普段はけっこう口を酸っぱくして指導するタイプの店長が、この日に限ってこんな「なぁなぁ」な対応だった理由を知るのは、それから数日経ってからだった。
次のシフトに入ったとき。
店長から、
「もし、この前のA田さんからの注文来たら、やんわりな。
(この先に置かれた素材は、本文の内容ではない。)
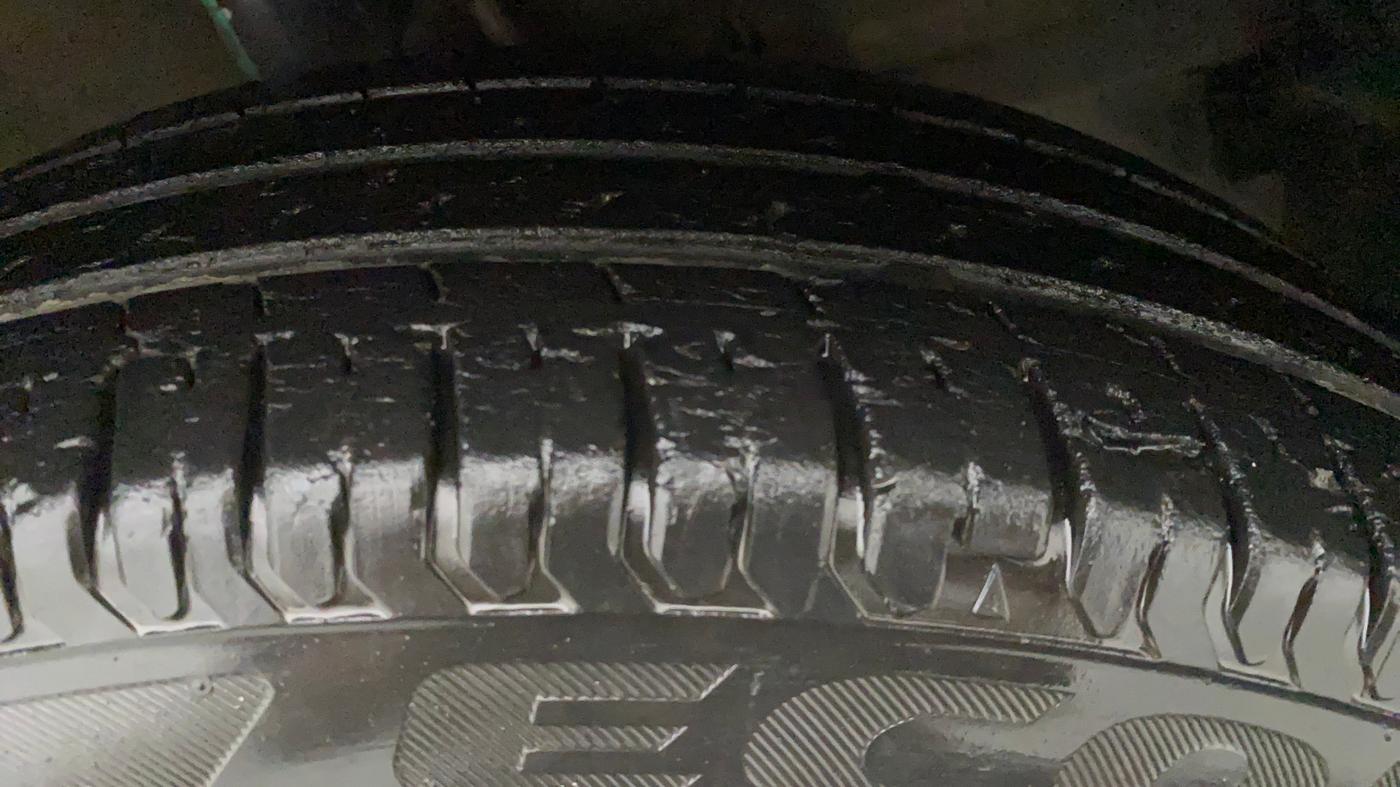 2017 Maruti Dzire VXI AMT, Petrol, Automatic, 88,813 km, Left Front Tyre Tread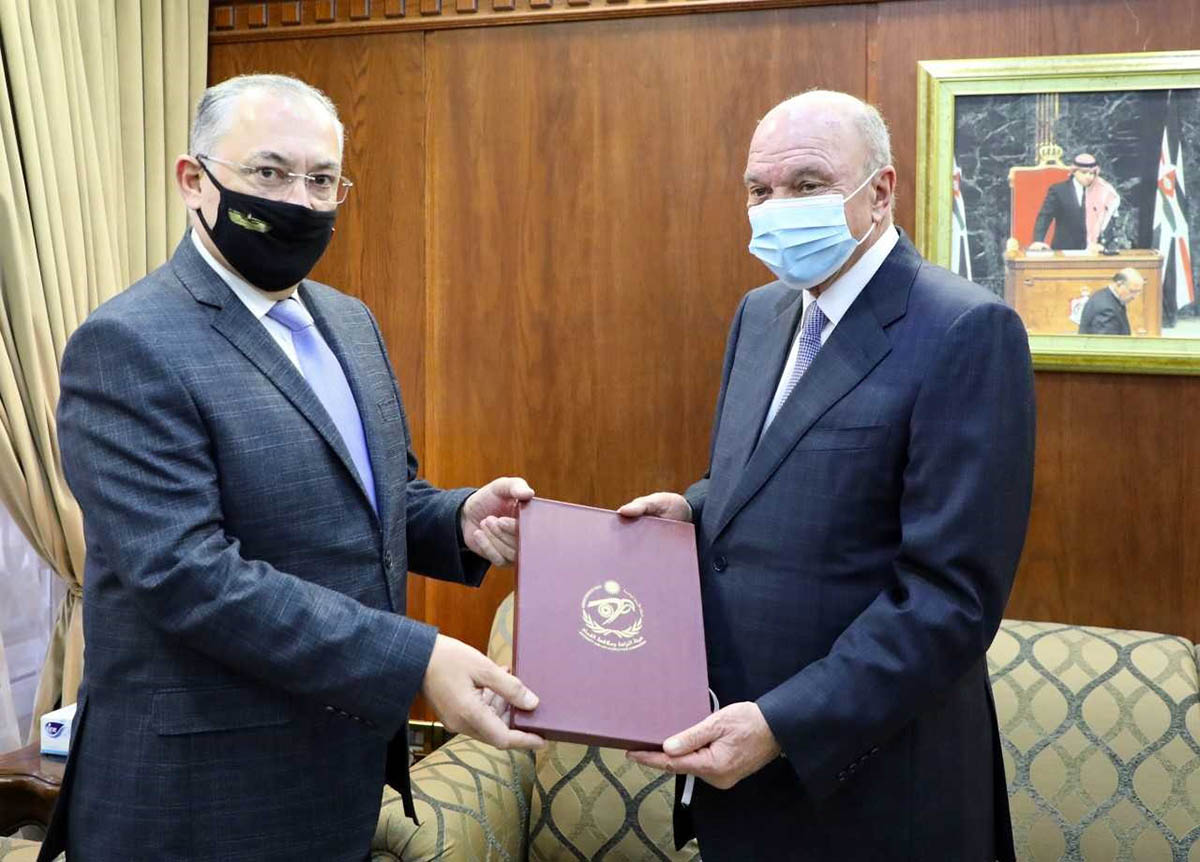 Senate head receives anti-graft commission report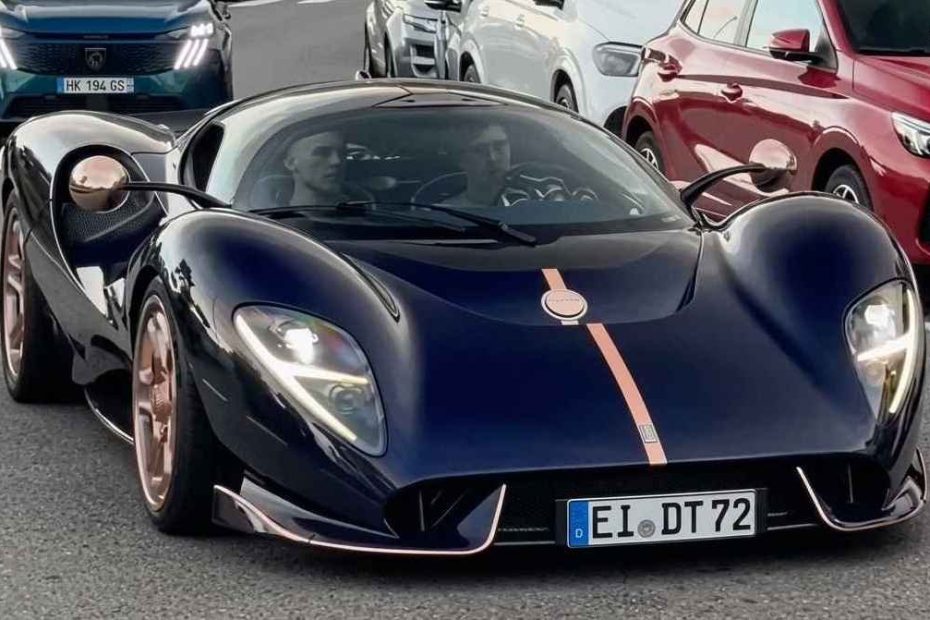 Le très séduisant De Tomaso P72 repéré errant dans les rues de Monaco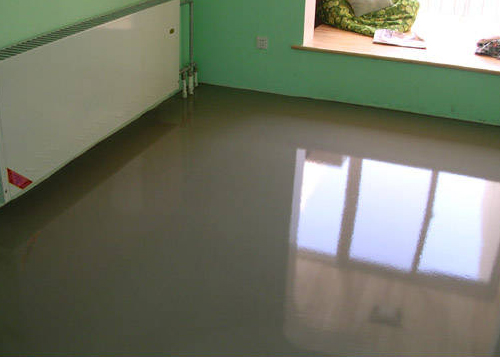 水泥自流平地坪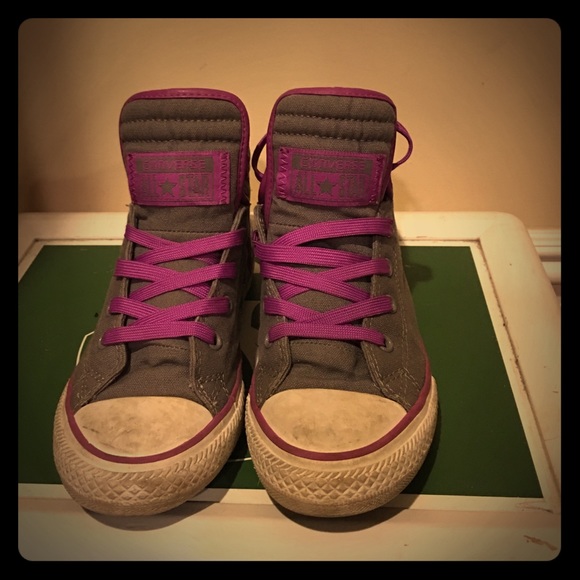 Shoes - All star new Convers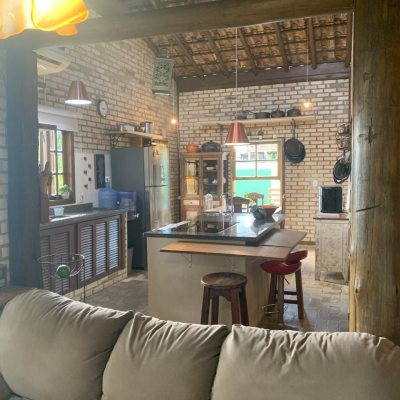 Casa Residencial com 157m², 3 quartos, 1 suíte, 4 garagens, no bairro Campeche em Florianópolis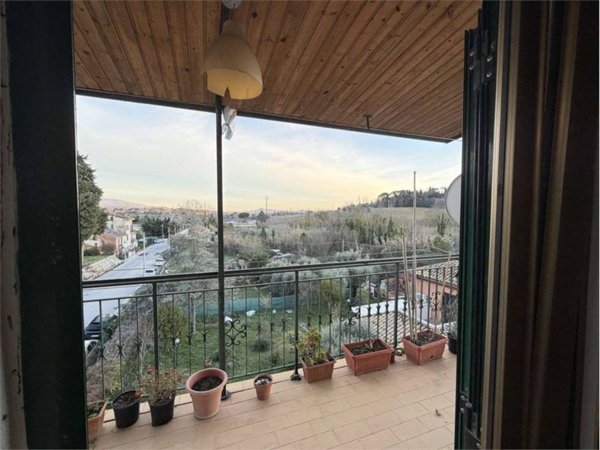 appartamento in vendita ad Ancona in zona Aspio di Ancona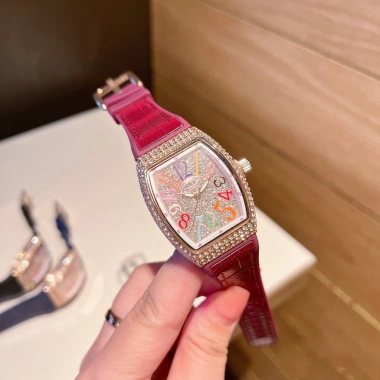 Đồng hồ nữ Fm thạch anh kim cương thùng dạ quang - Giá ưu đãi 540,100₫ (giá gốc 696,729₫)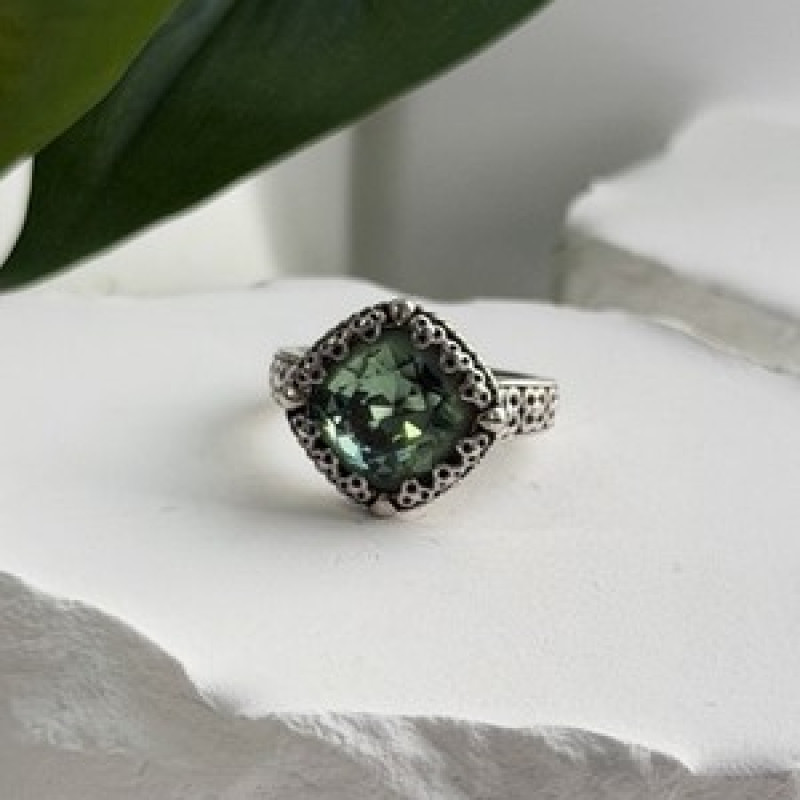 925 Sterling Silver Cushion-Cut Green Peridot Ring Size 5.5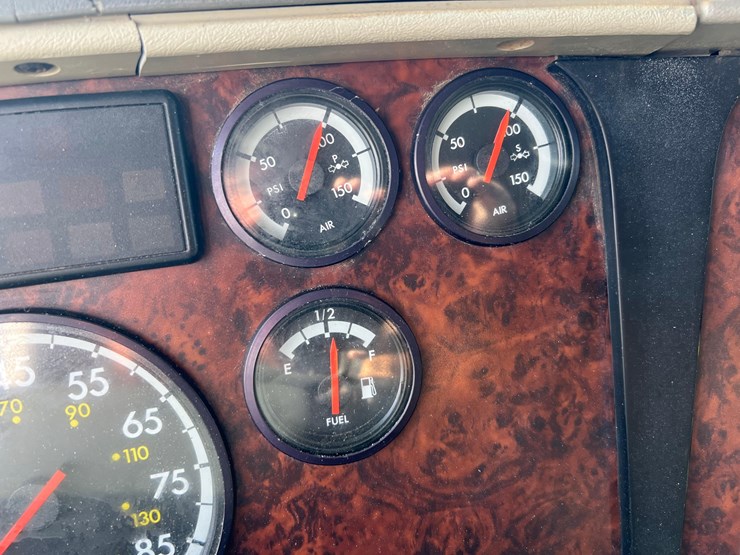 2006-freightliner-auger-truck-image-60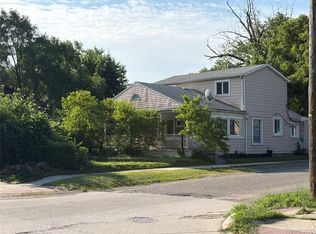 7004 Orchard Ave, Warren, MI 48091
」
というお達しがあった。
これは、理由を付けてやんわり断れという意味だ。
いたずら電話だったり、悪質なクレーマーに店がこの措置を取ることは、以前から知っていたがいきなりすぎたので、俺も
「何かあったんですか?」
と、質問してしまった。
店長は、
「まあ、ちょっと○○(俺)にも、気味の悪い話で悪いんだけど・・・」
という前置きをすると、煙草をふかしながら話し始めた。
あの学生マンションは5~6年くらい前までは、店の常連だった人が経営していたらしく、その繋がりでけっこう住人にもひいきにしていたそうだ。
しかし、その常連さんが病死してからは、管理する人間がいなくなったことで、学生寮は閉鎖。
まあ、学生寮の閉鎖自体はここ数年の流れを見てもそこまで珍しいことではない。
というのが、店長の談。
そんな事情があったからこそ、先日そのマンションに宅配に行ったという俺の話を聞き、もしかすると親族の人間が新しく経営し始めたんじゃないかと思い、昨日の昼間、挨拶と下見も兼ねて寮まで行ってきたそうだ。
だが、寮は荒れ果てたままで、どう考えても人の住んでいる感じではなかったらしい。
やっぱり、俺の間違いだったという結論で、そのまま帰ろうとしたときに、管理人室から、
「どうぞ」
という、籠った声が突然聞こえたらしい。
かなり驚いたらしく、その場で固まっていたらしいが、
「どうぞ」
という声が、もう一度聞こえたので、恐る恐る戸を開けると・・・中は朽ちかけで、何度か呼びかけたのだがその後返事はなかったらしい。
店長は寮を飛び出して、真昼間にもかかわらず一目散に逃げた。
足元を見た店長は、気付いたそうだ。
先日、俺が運んだであろう料理が、床にぶちまけられていることに。
それ以上は、聞きたくなかった。
幽霊にしろ何にしろ、俺はそのわけのわからない寮でわけのわからないものと談笑しちまったんだから・・・
俺が控えていた電話番号にも電話したみたいだが、繋がらなかったらしい。
勿論俺は、発信履歴を削除した。
数か月後、俺は店を辞めた。
1年半勤めたので、そろそろ環境を変えてみたいというのは建前。
仕事をしていると、どうしてもあの時のことが脳裏をよぎってしまうのだ。
辞めることを決定付けたのは、その出来事から1ヶ月と少し経ったころ。
再び、例のA田から電話があった。
俺は、わざと店長に聞こえるように
「A田様ですね?」
と、声が震えるのを必死に抑えながら復唱し、それを察した店長が「替われ」とジェスチャー。
出前のサービスはしばらく見合わせてると、嘘をついていた。
電話を切る間際、店長の顔が明らかに動揺しているのがわかった。
店長が俺を見て一言。
「今から、店に来るみたい。」
もう、限界だった。
その日、結局A田を名乗るものは来なかった。
俺は、都市部に住居を移したし、バイトを辞めたしで店と疎遠になり、それ以降のことは知らない。